Concrete slabs for most residential purposes don’t require rebar grids smaller than 12”, so it isn’t likely you’ll use too much steel. Concrete needs to surround and encapsulate the steel, so as long there is space for it to flow around the steel, you’re good to go.
How To Reinforce Concrete With Rebar
Cracking commonly occurs due to temperature issues like freeze-thaw, concrete shrinkage, loads applied, or ground settling. Most concrete slabs will crack, so it is common practice to insert or cut expansion joints or seams every 10’ on large or long slabs to control where cracking occurs. Concrete slabs are normally reinforced to prevent cracks from expanding or to provide tensile strength against stress force cracking.
Rebar or wire mesh won’t stop all cracking, they will minimize the size of cracks and provide support against loads and ground settlement which can cause stress cracking. Rebar must be used for slabs 5” or thicker but isn’t necessary for thinner pads. However, the added expense helps protect your investment against ground shifting or settling, tree roots, cracks expanding, heavy loads, and other unforeseen occurrences.
To reinforce a 4” concrete slab or driveway with steel rebar, determine the grid spacing and rebar size – #3 or #4 in a 12” to 18” grid. Use 2” rebar chairs to support the rebar in the center strata of the pad. Overlap joints by a minimum of 12” for #3 and 15” for #4, bind with wire ties, and keep the steel 3” back from the perimeter. It is important to keep the grid uniform and in place during the pour.
Here’s a video that shows how to install rebar grid for concrete slab:
When to Use Wire Mesh in Concrete?
Wire mesh can be used independently in concrete slabs or in conjunction with reinforcing bars. The mesh helps prevent cracks from expanding, provides flexural strength, and makes the pad more durable. It also offers tensile strength should the ground shift or settle.

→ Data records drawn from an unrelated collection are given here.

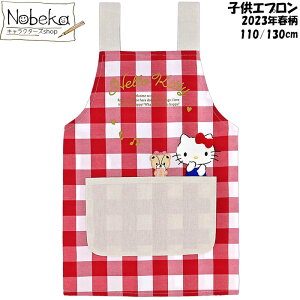 qGv LeB 2023Nty41857:bhz110cm 130cm / LbYGv Gv n[LeB TI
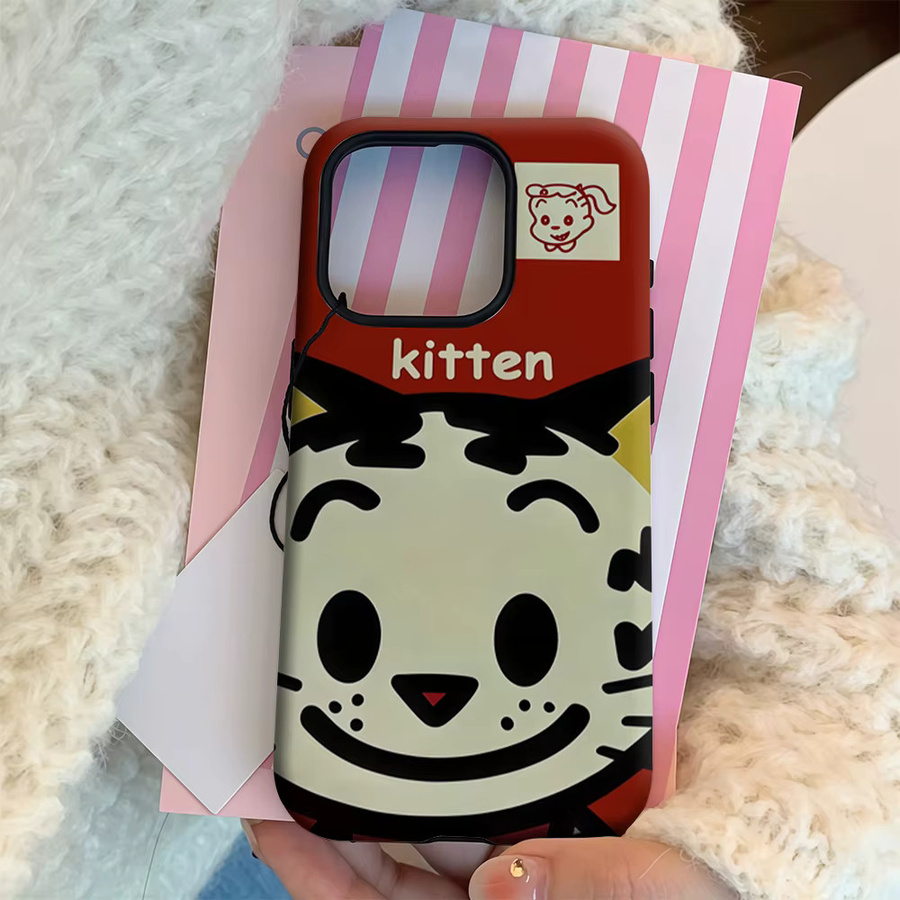 Handyhülle mit fröhlichem Kätzchen-Cartoon für Apple iPhone 17 16 15 14 13 12 11 Pro Max Plus in Multicolour mit doppelschichtiger Rückseite - Bild 4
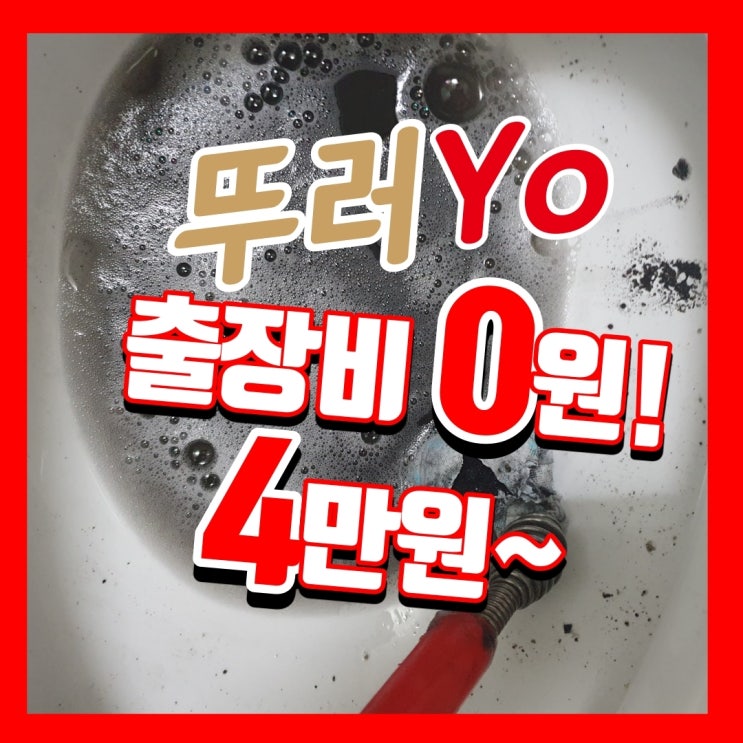 여의도변기막힘의 원인은 핫팻 때문이었어요~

Mesh provides a uniform grid of steel in the concrete to hold it together. Consider using it if the pad will only support lightweight, or the ground-base has been well compacted. Add it an inch above rebar to offer greater tensile support and crack resistance for pads that will support heavy loads.
Rebar improves concrete’s resistance to freeze-thaw, washouts, tree roots, ground settling or shifting, and heavy loads. Concrete 5” or thicker must include reinforcing steel, and those thinner also benefit from the improved tensile strength and crack separation prevention.
Hopefully, you have a better understanding of what rebar is, when and where to use it, and are better prepared to plan your project.